We are HUMANS for some reasons; reasons or qualities, characteristics that you and I, or any other human being exhibits.
Then, there are sub categories of humans – Americans, Australians, Englishmen, Russians and list goes big, very big. Somehow, INDIANS have a very distinctive place for their existence. Indians, the so-called civilized people, the followers of cultural moral values, or Indians, who are struggling to get their esteem and who do what no other creatures even think. This is our civilization, this is how we are developing, and this is how we are sophisticating. Indians – on a verge of coming out as a super power.

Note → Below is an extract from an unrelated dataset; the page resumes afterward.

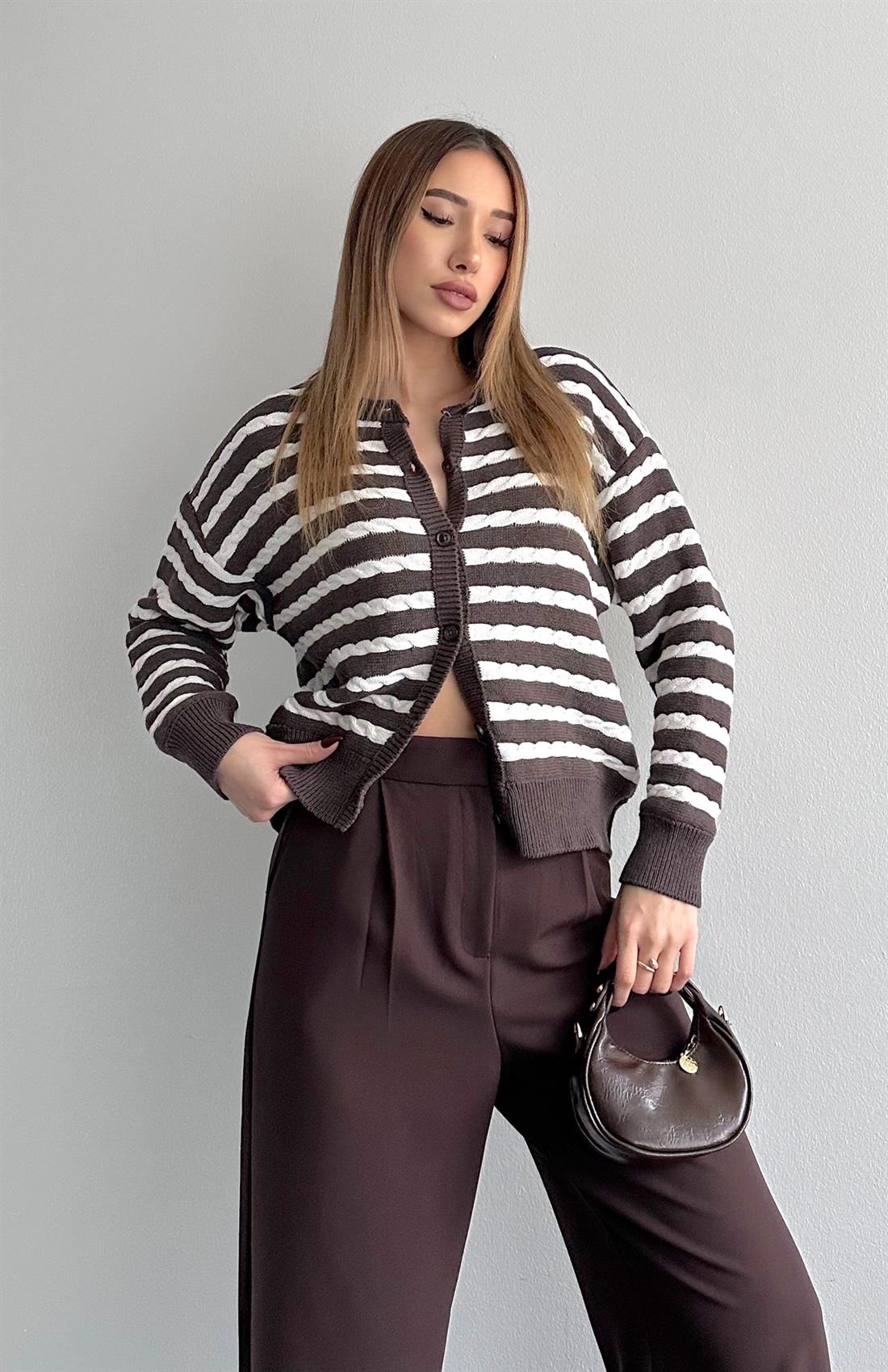 Şaç Örgülü Hırka KAHVERENGİ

There are only two subcategories of humans. Good and Bad. I am not GOD, nor a messenger of God, nor a politician “democratically” chosen by people, nor a media person who brings what brings the best to him, nor a police officer who is as good as handicapped. I am an Indian looking to find a category for myself. Where should I fall? Schools taught me that I come from a great country, which was once the home to, Lord Shiva, Lord Vishnu, and The Buddha. Where once Guru Nanak had spread his good thoughts once and wrote Guru Granth Sahib. Schools taught me to be proud of being an Indian.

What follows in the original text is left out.